The truth behind the Arizona Senate “audit” of the 2020 election results is revealed in thousands of private text messages from Cyberninjaz CEO Doug Logan.
The document overturns allegations that the “audit” was a bipartisan effort to ensure the accuracy of the election results, and subverts claims by former President Donald Trump’s allies to restore him to office. It said it was part of a state-wide effort.
Logan’s message even counts the work of hundreds of volunteers who will spend two months at the Veterans Memorial Coliseum in 2021, scrutinizing ballots and recording individual votes on more than 70,000 tally sheets. indicates that it is not possible.
Here’s an update on Logan, his writing, and a review of Maricopa County’s 2.1 million votes.
What is the reasoning behind Arizona’s ‘audit’?
In 2021, Senate Republicans announced they would commission a hand tally of all ballots cast in Maricopa County to address claims that the election was stolen from Trump. The Senate subpoenaed ballots and other election materials from counties.
Senate President Karen Huang has hired a cyber ninja to lead the handcount. Neither Mr. Logan nor his firm had any experience auditing elections, but Mr. Huang said at the time that he was “fully qualified” and “very experienced.” The review would have taken weeks and would have cost the taxpayer $150,000.
The implementation will take about two months and cost Arizona millions of dollars.
What “findings” did Cyber Ninja report to the Senate?
Logan announced the hand-counted results on Sept. 24, 2021, reporting that Joe Biden had won the Arizona presidential election. Logan’s tally was 994 votes behind the county’s official result.
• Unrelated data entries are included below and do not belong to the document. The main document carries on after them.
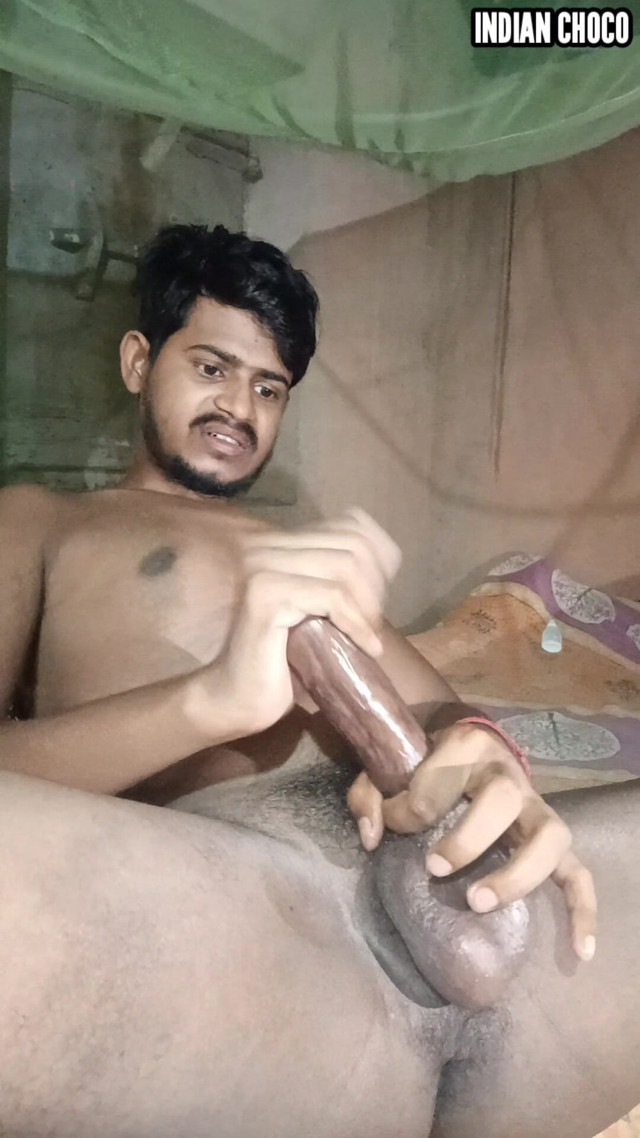 Choco Condom Handjob Ep1 (Wild Stud)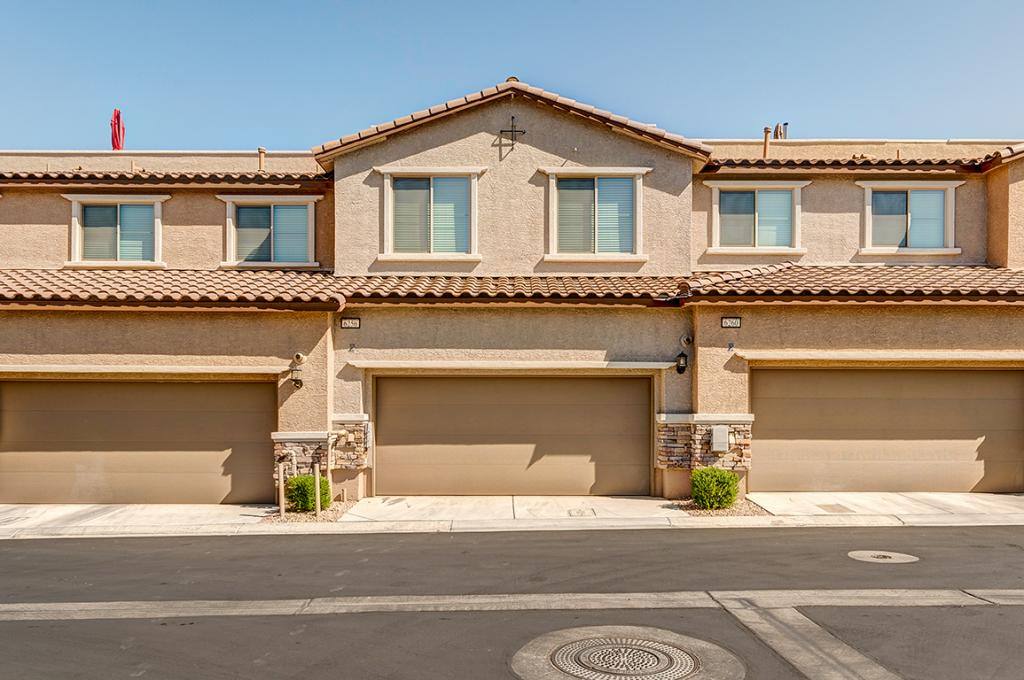 Townhouse for rent at 6256 Haiku Stairs, Las Vegas, NV 89148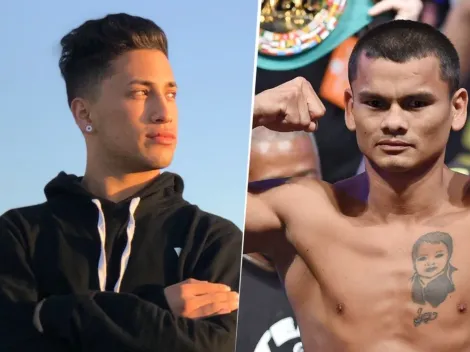 Insólito: Yao Cabrera invitó a pelear al Chino Maidana por Twitter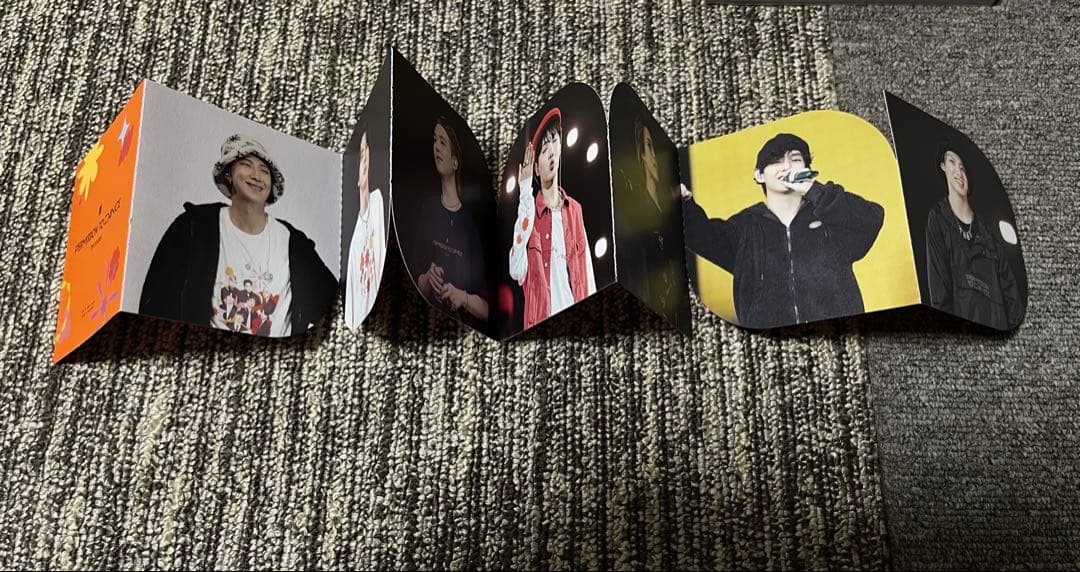 K-POP・アジア BTS PERMISSION TO DANCE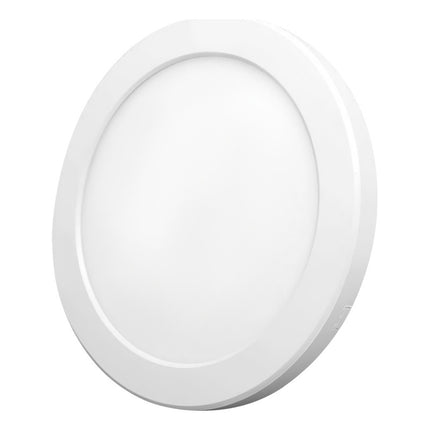 Panel Luz Led Ledstar 24w Circular Luz Fría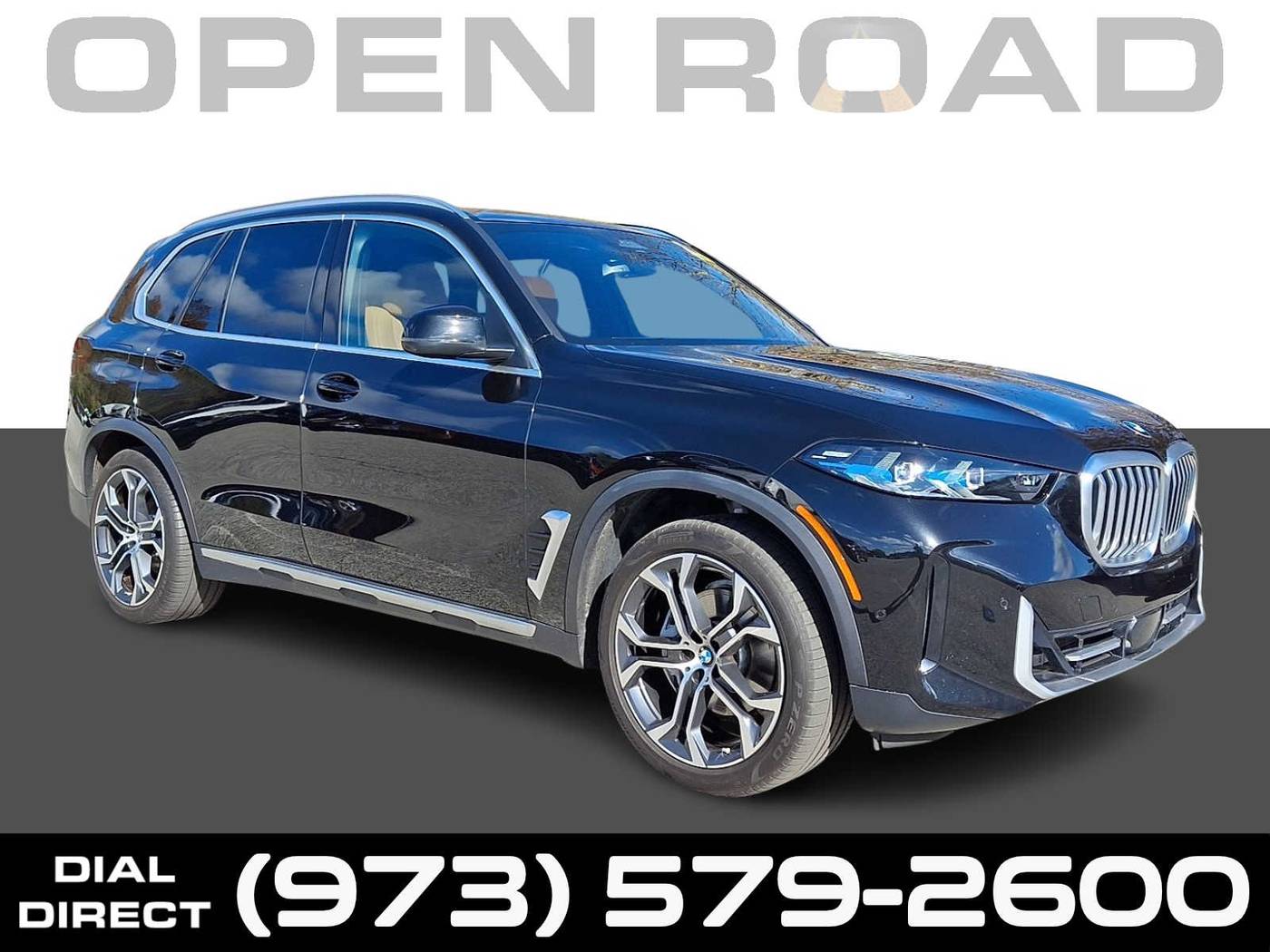 2024 BMW X5 40i — SUV — 31,971 mi — Newton, NJ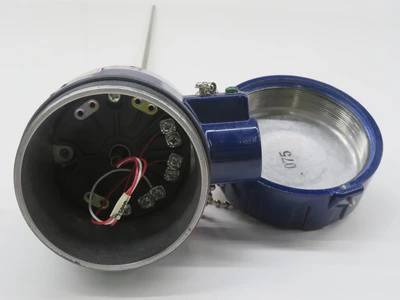 Used WIKA _UNKNOWN_ Temperature Controls Texas US | OCO Industrial #1683532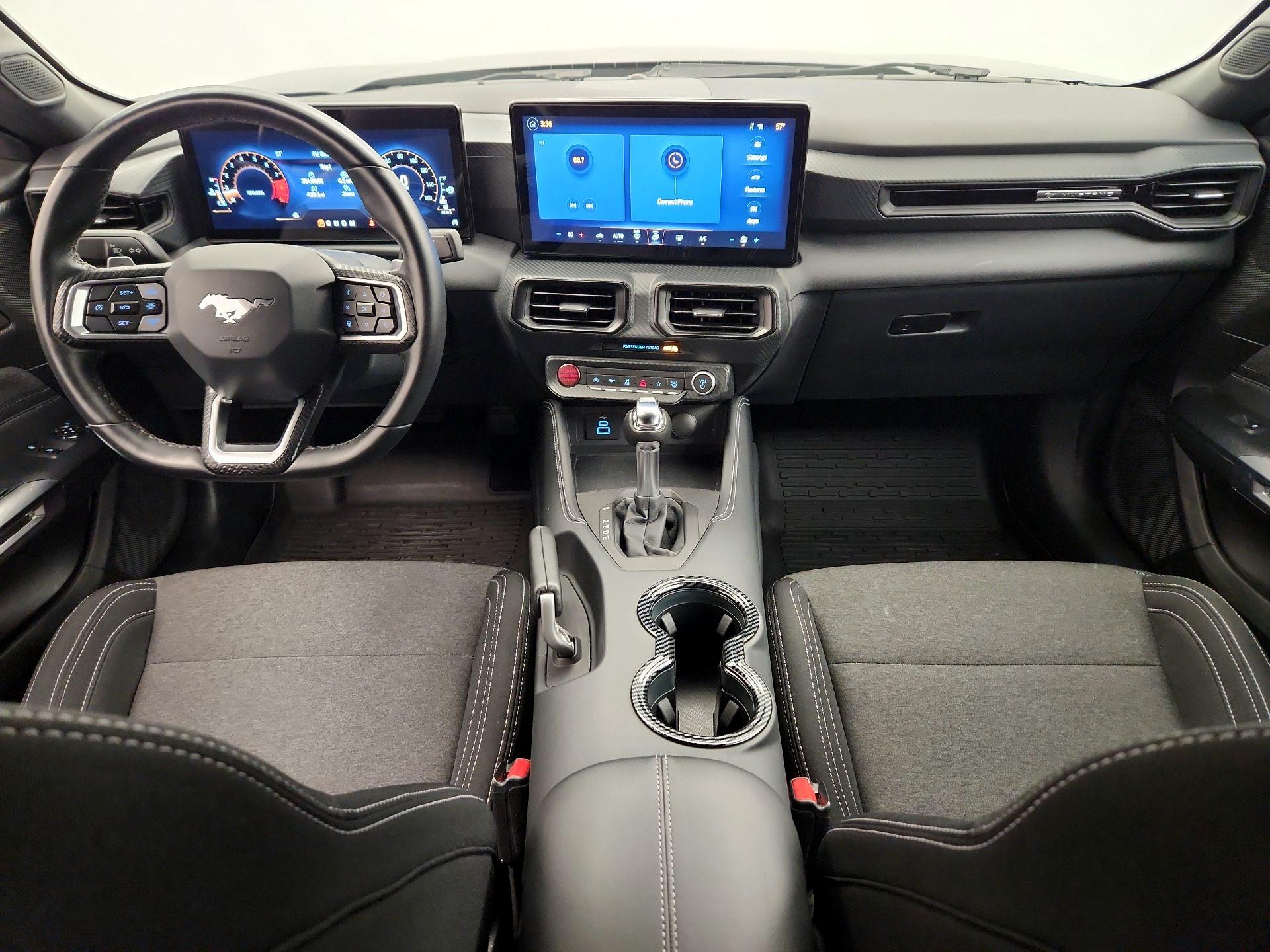 Thumbnail: 2024 Ford Mustang - 9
Logan’s report stole Biden’s victory and raised a number of “anomalies” that continue to raise questions about the election process. That has led lawmakers, partisan contractors and allies of Trump to call for more audits, denial of voting machines and a new voter integrity law to prevent fraud at polling places.
Full text:‘Our Numbers Are Terrible’: Cyber Ninja CEO Admits Failure To Count Manual Votes
Do Logan’s private writings contradict his public statements?
yes. In hundreds of articles recently published in the summer of 2021, Mr. Logan admitted that he did not understand his own data. Days after his hand count ended, Logan admitted he had no way of tallying up the results.
“How plausible is this solution? I looped back and looked at all the aggregated data again. It’s pretty broken. Most of it doesn’t make sense.” In a text dated July 5, 2021, Logan wrote:.
Did Logan say “our numbers are screwed”?
he did Logan was still trying to collate his own data after submitting it to the Arizona Senate Republicans 11 days before his Senate hearings, but it didn’t work.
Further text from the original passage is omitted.